Penetration pain: four major psychological causes
“Whatever the cause, there is a large part of the psychic in the phenomena of pain, which must be taken into account”, also underlines June Pla. Sylvain Mimoun lists these psychological causes in four cases:
- psychosexual problems: trauma, aggression, fear of coitus rigid education with regard to sexuality, disgust, loss of desire for his partner;
- marital and / or relationship conflictss: a partner who does not listen well;
- depressive syndromes (masked);
- neurotic states.
The incredible influence of the relationship with the partner
“Insofar as there is a large psychological part and where, in most cases, we do not find no anatomical causes such as vaginal dryness or endometriosis, the partner can have a strong influence on these pains, ”continues the gynecologist.
The woman’s relationship with her partner is therefore essential. Her dispositions or not, to make her happy, to respect her choices, both in matters of sexuality and elsewhere, not to force her hand… All of this influences her moods, which then dominate her body.
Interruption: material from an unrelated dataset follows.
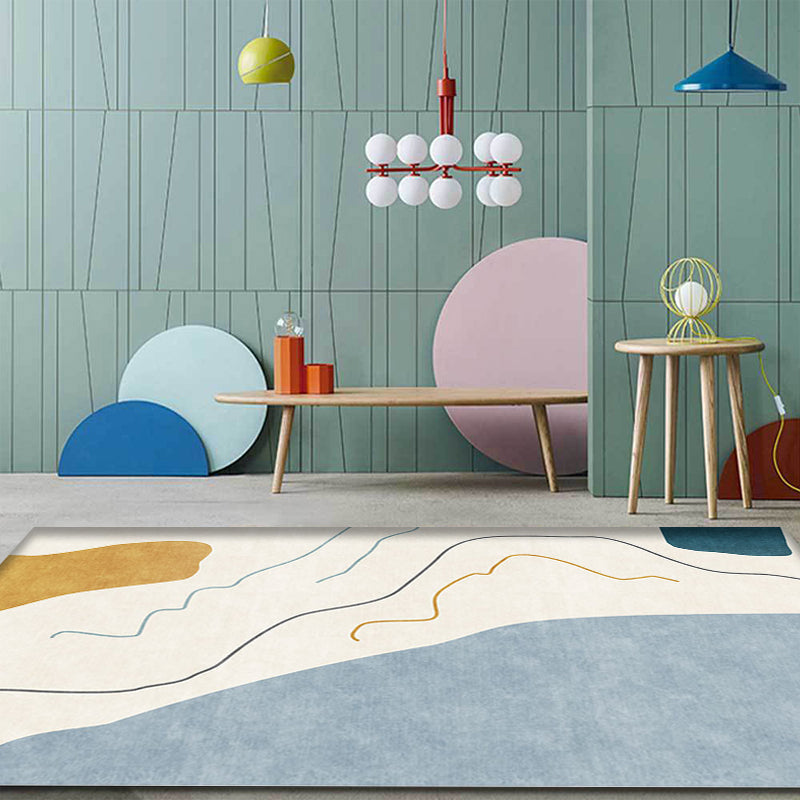 Vivolux | Modernistische Abstracte Tapijt Blauw en Beige Polyester Tapijt Antislip Achterkant Wasbaar Dierenvriendelijk Tapijt voor Thuis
Someone who doesn’t behave, who denigrates, runs away, lies, etc., causes rejection of the body. Sometimes, even when the mind doesn’t see the problem, the body shows it!
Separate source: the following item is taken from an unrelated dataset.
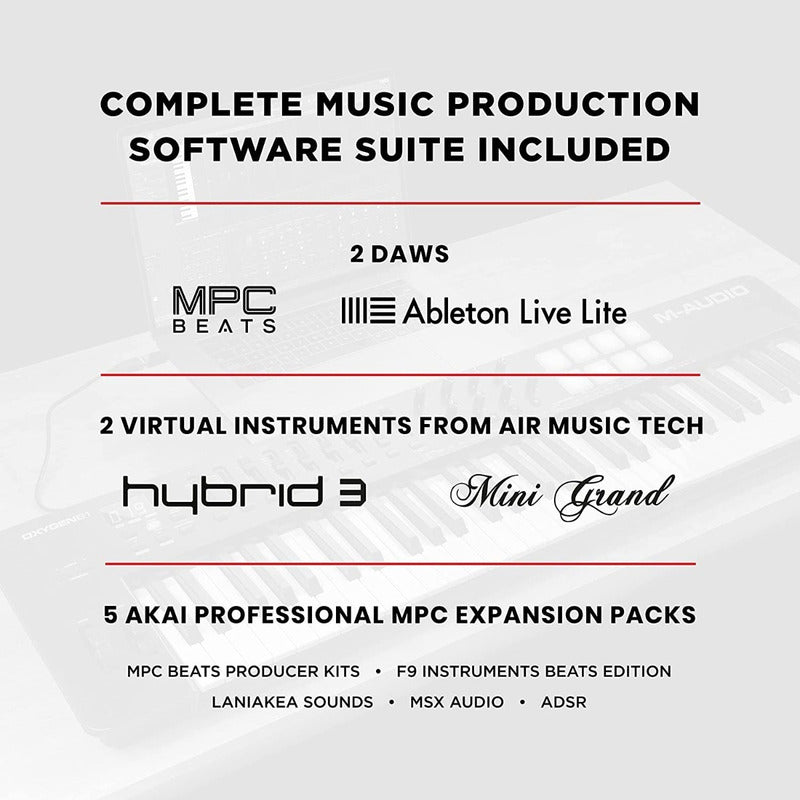 M Audio Oxygen 25 Mkv Controlador Piano Midi 25 Teclas Negro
A testimony of secondary dyspareunia
Thus, Jeanne, 38 years old, who had never had pain during penetration, began to have it after a certain time of rchaotic elation with his mate at the time: “My ex was sick, depressed or alcoholic, I never knew, but he lied to me several times anyway. In addition, and probably for these same reasons, we had very little sex. The few times we had them they weren’t very satisfying to me, I was always a little frustrated… After a while, as soon as the option potentially presented itself, I felt unexpected cramps and pain at the entrance to the vagina. As the penetration was then painful, I was better content not to make love. Looking back, I tell myself that it’s a bit as if my body wanted to help me endure the absence of sex and / or no longer want my companion… We are now separated and I don’t know if this ‘is related or not, but today, I no longer have these pains. ”
What solutions and aids in case of dyspareunia?
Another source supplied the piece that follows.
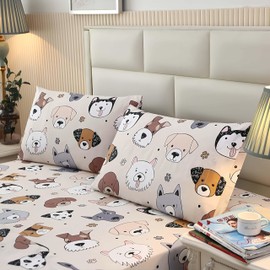 SDY 4PCS Dog Bedding Sheets Set Twin Size, Cute Puppy Pattern Fitted Sheet Sets with Deep Pocket, Kawaii Bedroom Decor for Kids, Teens, Children, Baby, Boys, Girls and Animal Lovers (Dog, Twin)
In each case its solution, reassures June Pla. Among the potential remedies for these pains, the latter suggests:
- A consultation : “You can go to the site www.lesclesdevenus.org which references competent professionals in the field of vaginismus and dyspareunia. “
- A change in contraception : “Sometimes, simply removing an IUD or changing the pill can make this pain disappear. “
- The use of alternative medicine : osteo, physiotherapist, hypnotherapist, acupuncturist, etc. Whatever works for you!
- Improve communication with the partner : “It is essential to communicate with your partner or a psychologist to detect where the problem comes from, but also for the partner to adjust his actions and be vigilant to your reaction. “
- Change partner : “Many testimonies converge on the hypothesis according to which finding another more attentive lover had made it possible to change everything. “
In short, while dyspareunia can have several causes, the mind often plays an important role in these pains. Thus, the latter would sometimes be the unconscious response of the body to a lack of listening and / or consideration of the partner. Anyway, as June Pla points out, remember: “It is essential to listen to yourself and never to force yourself, this could make the problem worse”.
Yours truly and your sexual well-being.
– (1) “Painful sex (dyspareunia) in women: prevalence and associated factors in a British population probability survey ”, BJOG, January 2017.
– (2) “Sexual behavior in France “, Social Sciences and Health, 1993.
– (3) “Extract from updates in medical gynecology “, 2005.